= Work order =
Give the data a second time, exactly and in full.

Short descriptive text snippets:

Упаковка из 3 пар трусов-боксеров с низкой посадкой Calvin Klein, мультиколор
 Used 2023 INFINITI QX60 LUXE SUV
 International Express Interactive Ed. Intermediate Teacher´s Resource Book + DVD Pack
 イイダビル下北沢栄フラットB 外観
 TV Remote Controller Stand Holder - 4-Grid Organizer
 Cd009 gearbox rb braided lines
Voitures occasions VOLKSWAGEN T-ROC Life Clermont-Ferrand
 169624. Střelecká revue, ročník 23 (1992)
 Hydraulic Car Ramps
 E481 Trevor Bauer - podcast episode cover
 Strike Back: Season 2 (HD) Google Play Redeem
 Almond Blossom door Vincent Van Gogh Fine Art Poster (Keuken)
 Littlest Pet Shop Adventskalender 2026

= Answer area =
Упаковка из 3 пар трусов-боксеров с низкой посадкой Calvin Klein, мультиколор
 Used 2023 INFINITI QX60 LUXE SUV
 International Express Interactive Ed. Intermediate Teacher´s Resource Book + DVD Pack
 イイダビル下北沢栄フラットB 外観
 TV Remote Controller Stand Holder - 4-Grid Organizer
 Cd009 gearbox rb braided lines
Voitures occasions VOLKSWAGEN T-ROC Life Clermont-Ferrand
 169624. Střelecká revue, ročník 23 (1992)
 Hydraulic Car Ramps
 E481 Trevor Bauer - podcast episode cover
 Strike Back: Season 2 (HD) Google Play Redeem
 Almond Blossom door Vincent Van Gogh Fine Art Poster (Keuken)
 Littlest Pet Shop Adventskalender 2026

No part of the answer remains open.